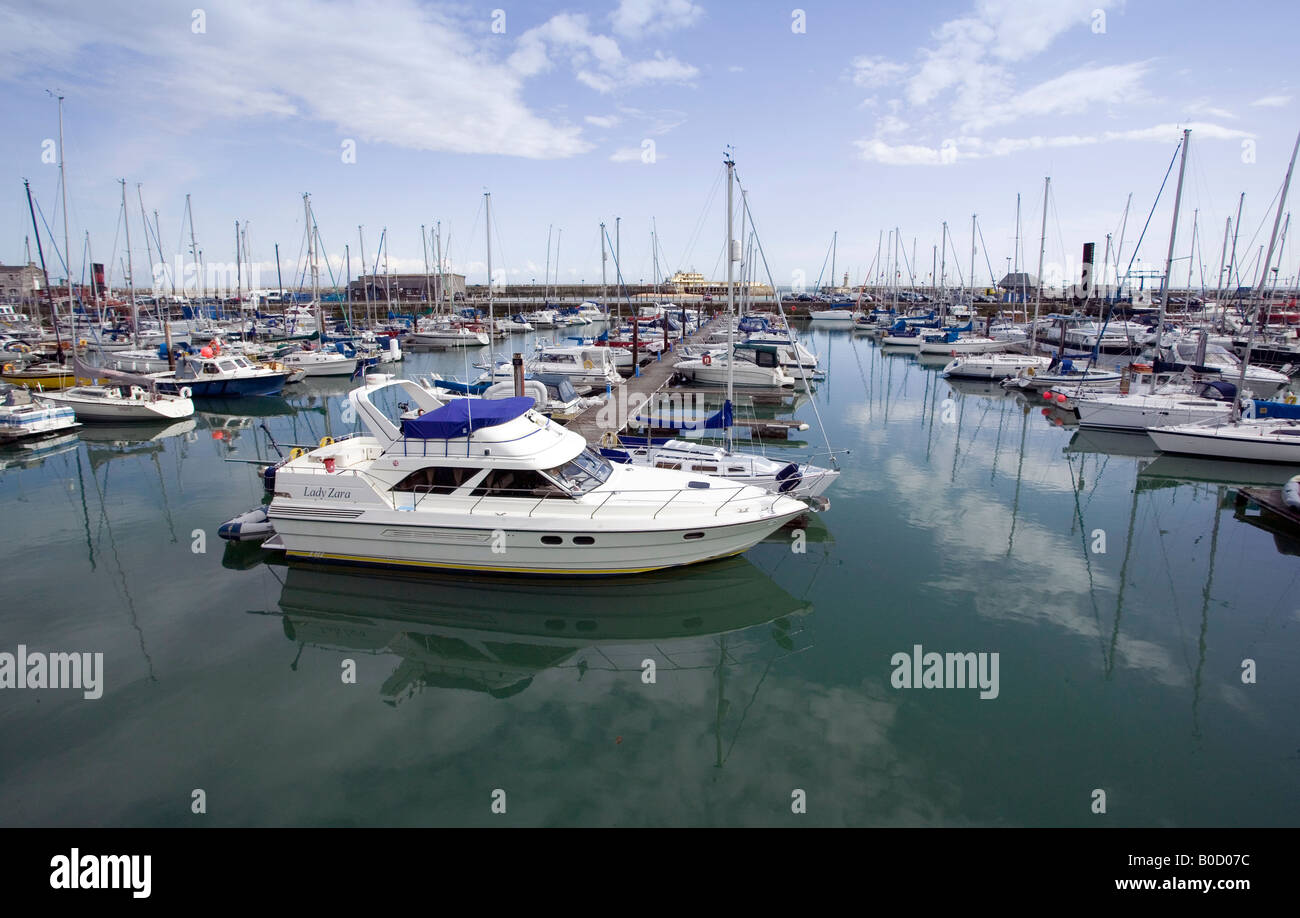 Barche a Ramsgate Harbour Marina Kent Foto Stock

┄┄┄┄┄┄

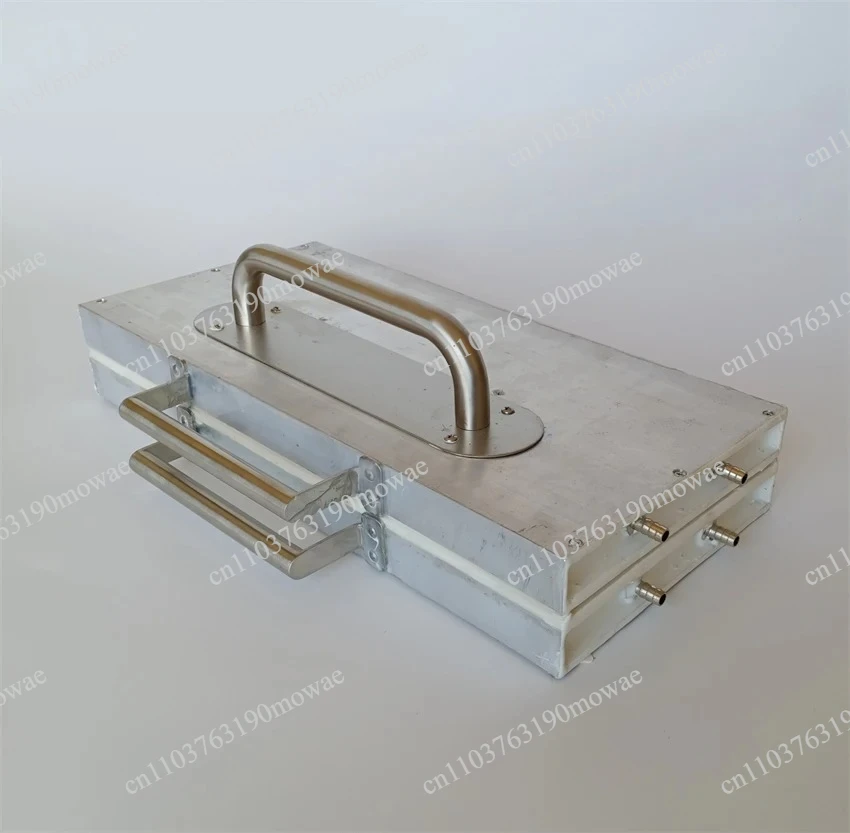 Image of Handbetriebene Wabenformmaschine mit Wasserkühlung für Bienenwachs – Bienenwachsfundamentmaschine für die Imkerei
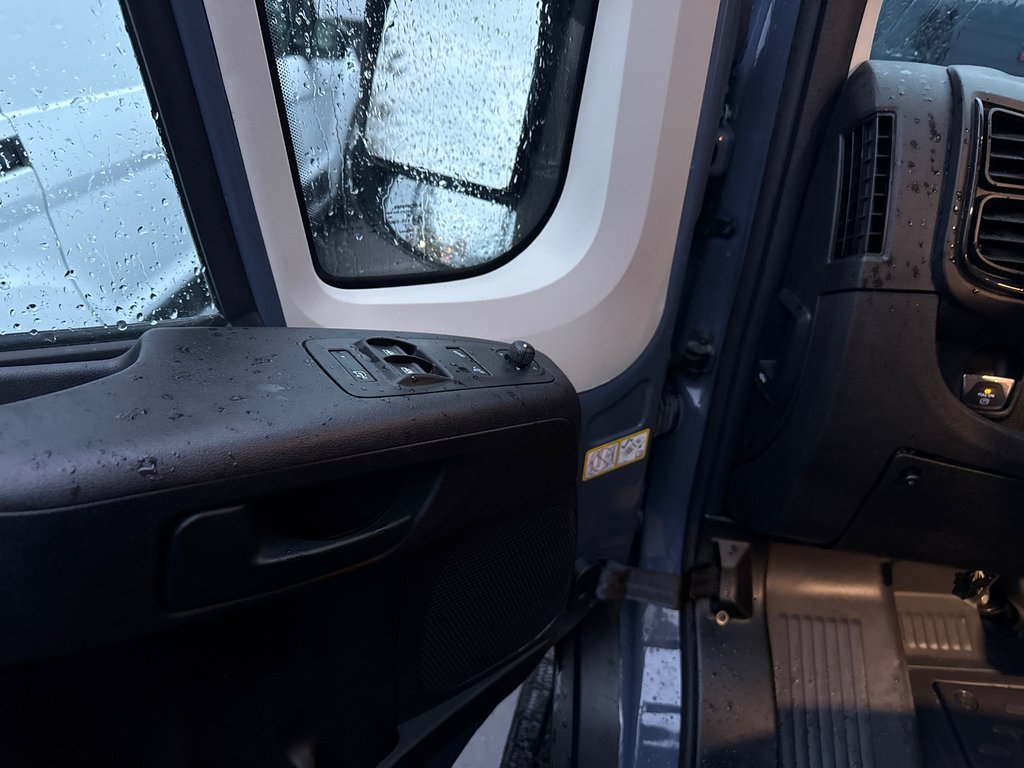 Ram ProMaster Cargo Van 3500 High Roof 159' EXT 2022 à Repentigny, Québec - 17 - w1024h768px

┄┄┄┄┄┄

• _Task instructions_: In the records above, find the line with "Image of Handbetriebene" and the line with "Ram ProMaster Cargo", then restate word for word only those two lines and all lines between, omitting pictures.

• _Your response_:
 Image of Handbetriebene Wabenformmaschine mit Wasserkühlung für Bienenwachs – Bienenwachsfundamentmaschine für die Imkerei
 Ram ProMaster Cargo Van 3500 High Roof 159' EXT 2022 à Repentigny, Québec - 17 - w1024h768px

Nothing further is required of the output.